Ce qui donne à des Archétypes que nous avions déjà rencontrés à l'époque de la Grande Terreur — c'est-à-dire, de l'Histoire du Futur Proche par le même auteur — une dimension surprenante. La Dame Blanche en devient presque pitoyable. Un regret : que l'auteur, tout à ses constants changements de narrateur, ne passe pas plus de temps à définir et mettre en perspective ses Archétypes ; il objecterait sans doute — car il n'est jamais à court d'arguments — que le roman lui-même fournit une explication au manque de présence des Archétypes en question, mais il aurait été agréable de comprendre un peu mieux, d'une façon ou d'une autre, le sens du Petit Garçon Timide ou du Free Jazz — au-delà du fait que ce dernier est bien utile pour foutre le boxon au moment où l'action en a besoin. Il y a d'autres détails qui, à première lecture, demanderaient quelques mots d'explications de plus : le personnage d'Étienne-Léon Ramirez reste un peu caricatural, dans la mesure où on ne rentre jamais dans ses motivations, dans ses relations avec plus puissant que lui — car il y en a sans nul doute — ; les chats rouges dessinés au pochoir sur les murs du Plessis-Robinson, constamment évoqués, ne sont reliés à rien d'autre dans le livre.

Remontrances techniques que tout cela. Babaluma revendique sans doute moins la beauté de la construction que l'intensité de la passion, c'est un cri, Le Plessis-Robinson delendus est [2] , bien avant d'être un argument. En 2001, le chat de Roland Wagner a été tué par un pitbull au Plessis-Robinson. Babaluma revient sans cesse sur cette rupture fondatrice, par le biais de l'alter ego fictif de Wagner, Richard Montaigu, grand-père de Tem décédé peu avant l'action — au cours d'un des romans précédents. Mort sans doute, Montaigu est plus que jamais présent, par le biais de ses papiers personnels, qu'explore systématiquement Edgar Zyviec, adorateur obsessionnel de l'œuvre de l'écrivain. Sont ainsi distillés au cours du roman des écrits de toute nature de la plume de Montaigu (lettres, fragments de notes pour des romans, jusqu'à des listes d'achat de disques) qui finissent par ressembler à la fameuse Exégèse de Philip Dick. Bref, en filigrane du roman, Roland Wagner s'offre une catharsis sous forme d'autobiographie éclatée. La collision avec les formes de la littérature populaire est dangereuse ; elle peut faire des étincelles, mais le plus souvent, elle étouffe le feu. Et c'est ainsi que Roland Wagner est grand — ou nul, il faudra que vous en décidiez.

Notes

[1]  C'est curieux, j'ai failli écrire Ernest-Antoine…
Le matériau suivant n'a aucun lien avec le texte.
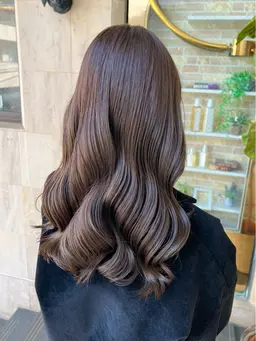 🌟《新規限定》人気No. 1✨カット & 透明感カラー& 7ステップ髪質改善トリートメント(前処理付)🌟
[2]  p. 371, cité par l'auteur sous la forme “Delenda est Le Plessis-Robinson”. Quoique latiniste par raccroc, le critique ne peut manquer de faire part de sa surprise devant ce passage au féminin d'une bourgade que l'article défini rattache fermement au genre masculin…

En même temps qu'ils sortent leur premier roman de Wagner dans la série des Futurs mystères de Paris, l'Atalante a entrepris la réédition des premiers romans de la série. Les trois premiers sont sortis simultanément ce mois de mai, sous de superbes couvertures de Caza, et chacun assorti d'une nouvelle inédite : "S'il n'était vivant" pour la Balle du néant, "le Réveil du parasite" pour les Ravisseurs quantiques, "Recristallisation" pour l'Odyssée de l'espèce. De petits bonheurs !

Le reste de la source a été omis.